I had to stop thinking about the laundry that needed folding and putting in different bedrooms while playing legos with my boy (he wants BIG bridges). I also had to halt my “one toy only” ruling. What is the point of making an epic bridge if I won’t allow him to send his cars over and under it? What is the point of making a very interesting dinner (baby rubber ducks and plastic crisps/Pringles, dubbed ‘Crispy Duck’) if he can’t feed it to his stuffed toys?

I had to look intensely at my boy and my husband to realise that they were so much more important than whether I had emptied the dishwasher before leaving for work. Remember that enjoying their company and their time for me was so much more precious than knowing I had a spotless floor (which doesn’t stay that way for more than an hour when the boy is awake and in the house).

I realised that I have so much more than cleaning, laundry and cooking to offer my family, that is more vital than ironed clothes, a complex meal on the table every night, or the knowledge that I descale the taps every week.

Life is sweeter when you don’t sweat the small stuff

Will the sky fall down if I don’t sweep daily? No, it will stay resolutely above our heads. Will we die of malnutrition if we have soup and sandwiches or beans on toast a few times per week? No, it just makes life that little bit more manageable.

Just being mummy means giving all of your attention to this little growing person who wants to feel validated, appreciated and loved. They want to show off their new accomplishments, they want your full attention focused on them when they are trying to achieve something.

The question I have to ask myself is, “Do I want to remember the day when I had a spotless house or the day my baby learned something new?” I have had to learn what is important to our lives and happiness.

T: Mummy! It’s a dinosaur*!

Me: Really? That’s amazing!

T: It’s a stegosaurus.

T: Mummy, Mummy, I drawed a chicken. Look!

Me: Wow! I have never seen a green chicken before.

*It actually looked like a diagram of lacto baccillus.

It was the first time that he started drawing things that had a passing (stylised or abstract) resemblance to the object he was trying to draw.
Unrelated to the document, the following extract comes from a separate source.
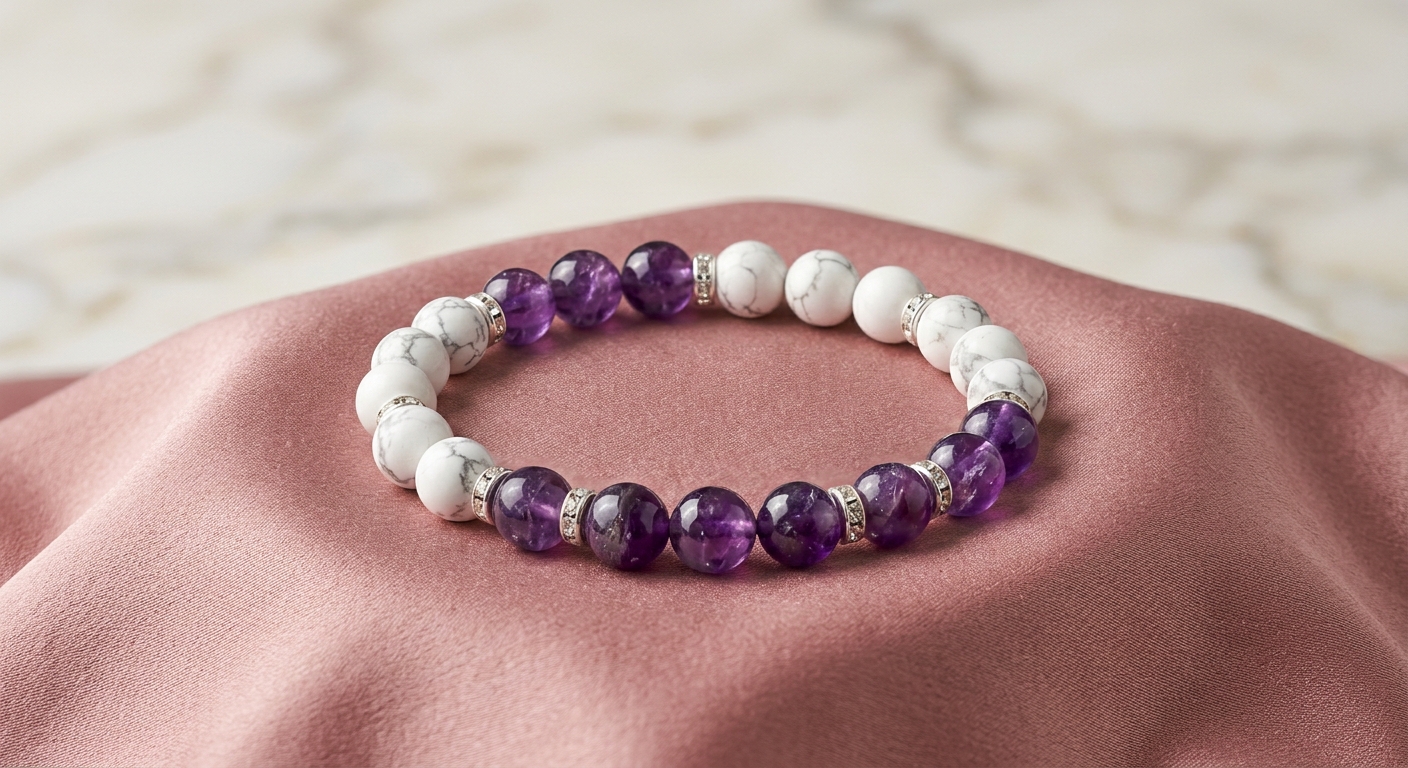 Howlite Amethyst Mixer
I want that memory untainted because I might previously have been trying to stack the dishwasher, hang laundry or clean the bathroom. I want to remember the day that my boy learned about structural reinforcement while building a giant bridge out of Duplo; I don’t want to have missed it because I was trying to fit the rest of my chores around spending time with my boy.

Making being mummy and everything else fit

Some things just can’t be left. However, the desire to be validated and learn new things extends to some of our chores. My little man has his own sweeping brush (a full-size head on a shortened handle) and he loves to sweep the rugs. He is very good at cleaning the (non-breakable) things that don’t fit in the dishwasher – in addition, it’s a grand reason to play with water and splash with mummy’s permission. He enjoys cleaning the tables with a damp cloth and then drying them with a tea-towel.

Now I’ve got just being mummy down, and I keep working at it every day, we’ll see how I remember to just be me.